Y digo que es curioso porque las personas jóvenes estamos viviendo una época de constante adaptación y transformación, debido a las situaciones que nos encontramos prácticamente de forma generalizada —precariedad económica y laboral, problemas para acceder a la vivienda, relaciones personales que ya no llenan tanto como antes, una consciencia de los problemas de la salud mental…—, al final acabamos cometiendo los mismos errores que cometieron los que vinieron antes que nosotros: hacer las cosas por inercia. Y es que… es muy difícil salir de ahí.
Poniendo un ejemplo cercano, personal y claro: yo he hecho muchas cosas por inercia, como trabajar hasta literalmente agotarme física y mentalmente, seguir en trabajos que no me gustan, hacerme autónomo sin estar lo suficientemente preparado económicamente, o, simplemente, estudiar algo que no me apetecía solo porque era lo que se estaba esperando de mí. Y cada una de esas acciones las he pagado a un precio que me parece demasiado caro: el tiempo.

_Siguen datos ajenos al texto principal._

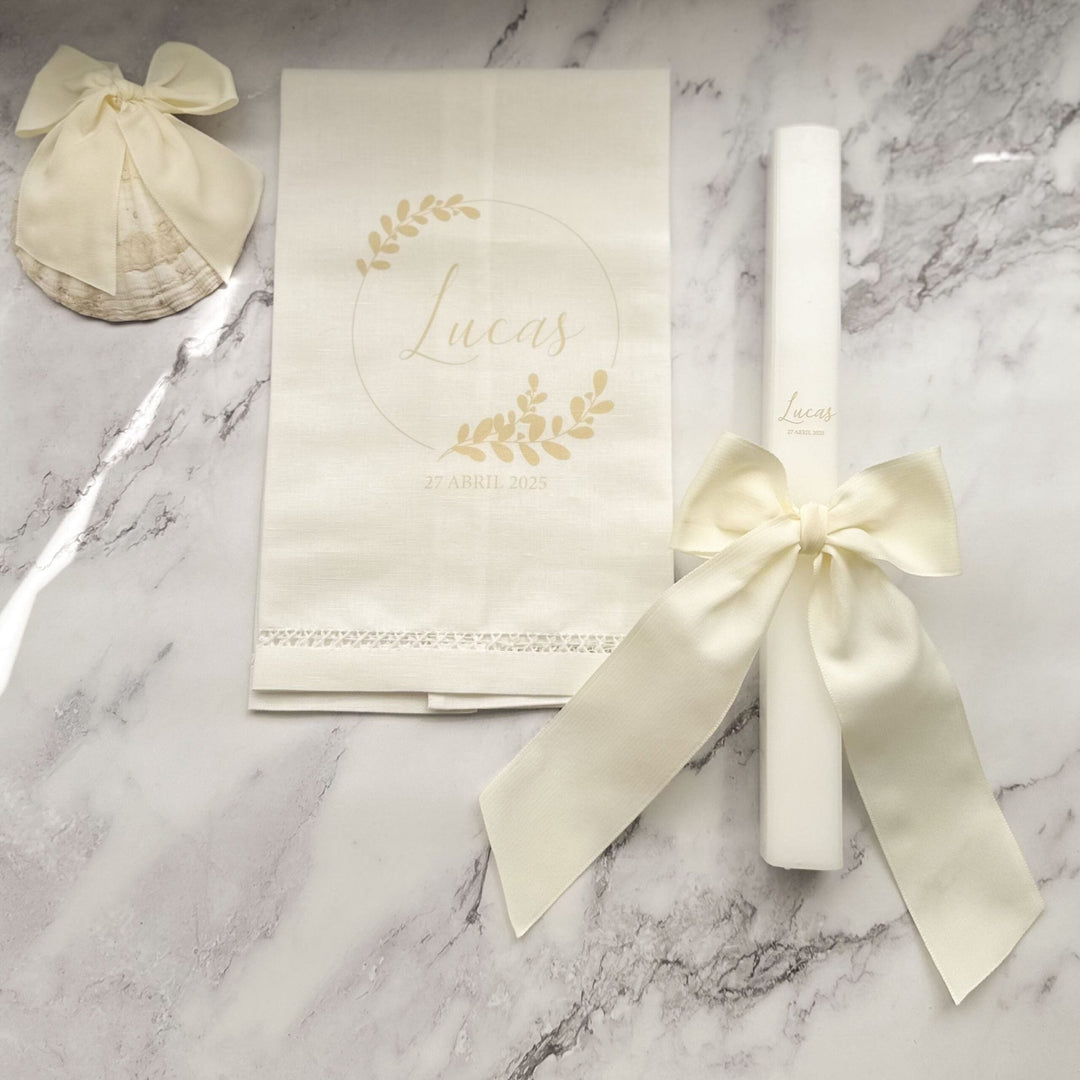 Conjunto Batizado Alegria Gorgurão | Vela · Toalha · Concha - Cutxi Cutxi - Presentes Personalizados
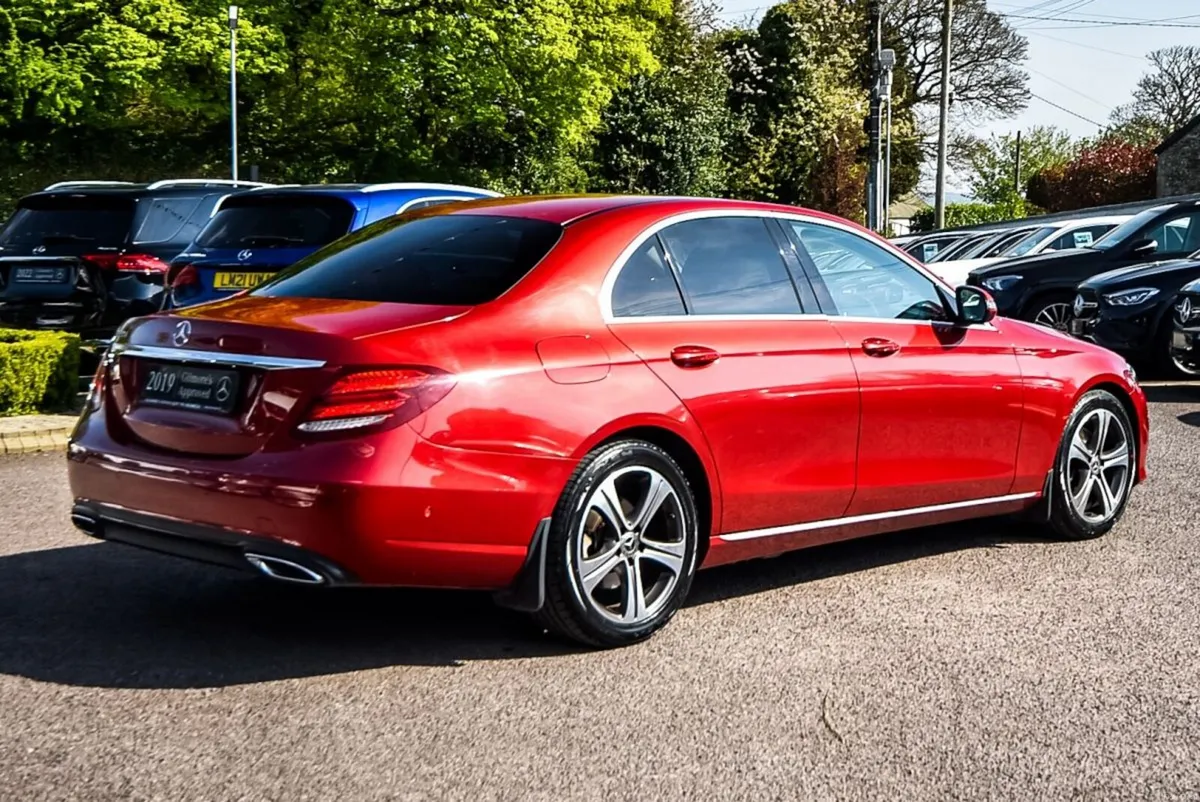 Mercedes-Benz E-Class E220d Avantgarde 194bhp Auto - Image 3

Cuesta mucho recuperarse de los golpes que da la vida cuando creemos que estamos haciendo lo correcto y, finalmente, se nos demuestra que no es así, que hay otras cosas más allá que tenemos que tener en cuenta. Por eso hay que obligarse a pararse de vez en cuando, ver qué podemos solucionar, reflexionar sobre cómo estamos. Y con eso me quedo.